Your objective:
What is needed is an exact repetition of the lines below, from the first one through the one holding "Large kidney-shaped pool", with no pictures and nothing else.

Stored data:
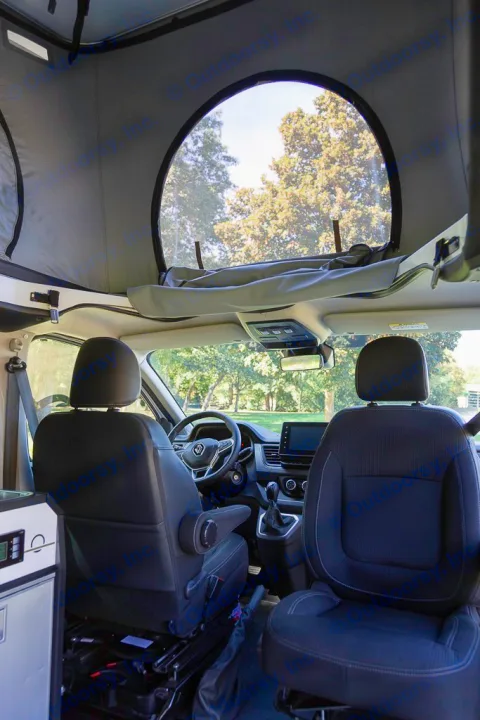 RV rental interior: Front cockpit view with swiveling seats, dashboard, and a large pop-top window overlooking trees.. HANROAD TREK 5 2026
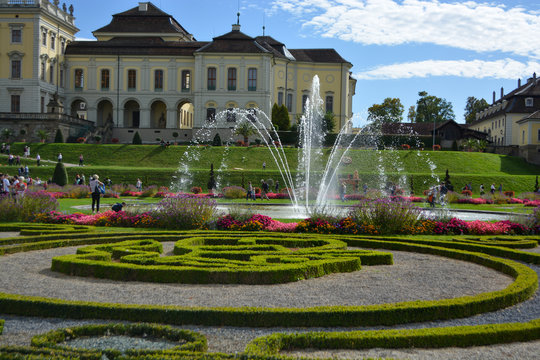 Water fountain with baroque garden in the background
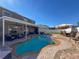 Large kidney-shaped pool with patio, covered lanai, and seating at 19029 Chislehurst Dr, Land O Lakes, FL 34638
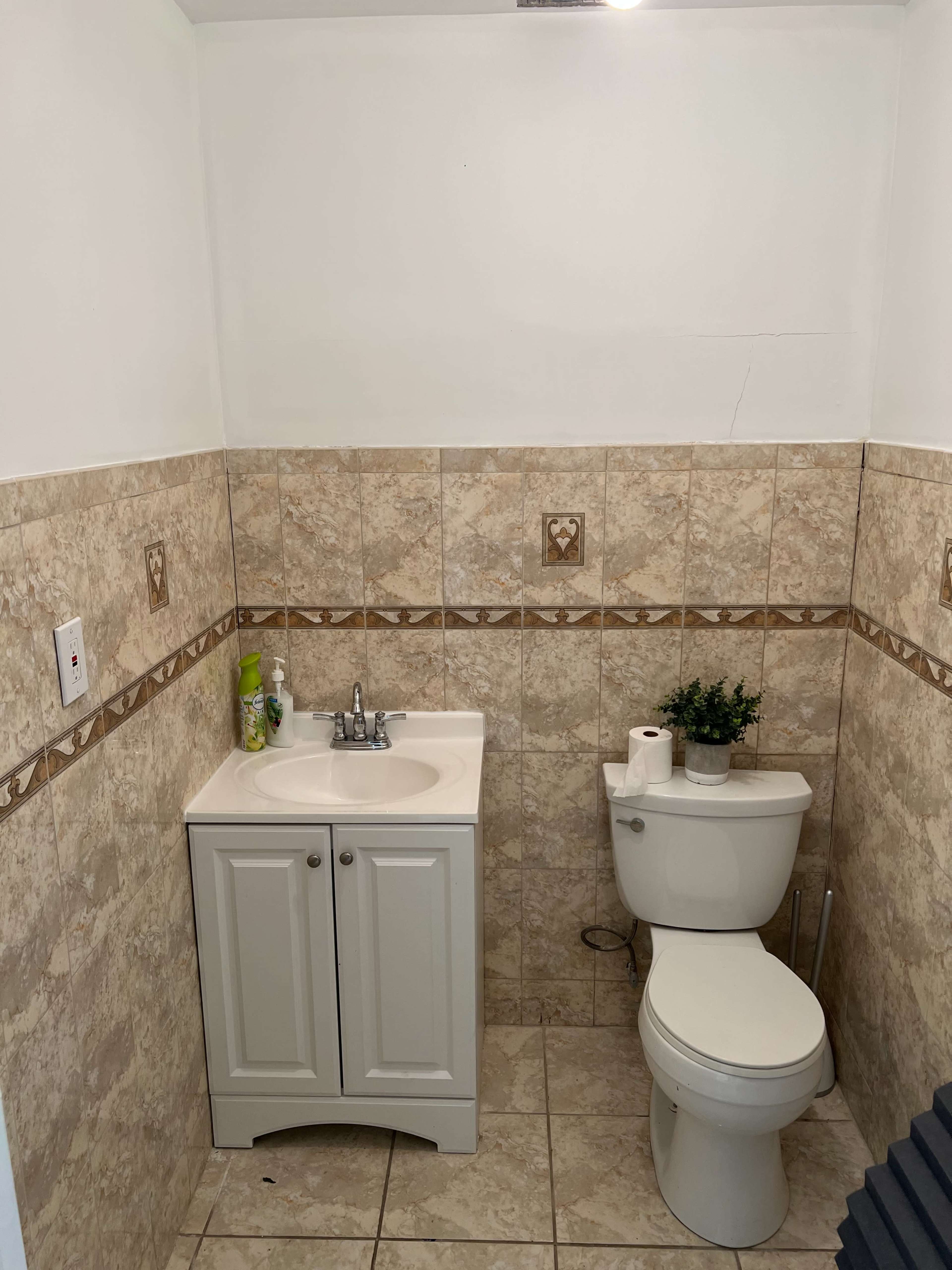 A small bathroom featuring a white vanity with a sink and a toilet, with tiled walls and floor.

Your response:
 RV rental interior: Front cockpit view with swiveling seats, dashboard, and a large pop-top window overlooking trees.. HANROAD TREK 5 2026
 Water fountain with baroque garden in the background
 Large kidney-shaped pool with patio, covered lanai, and seating at 19029 Chislehurst Dr, Land O Lakes, FL 34638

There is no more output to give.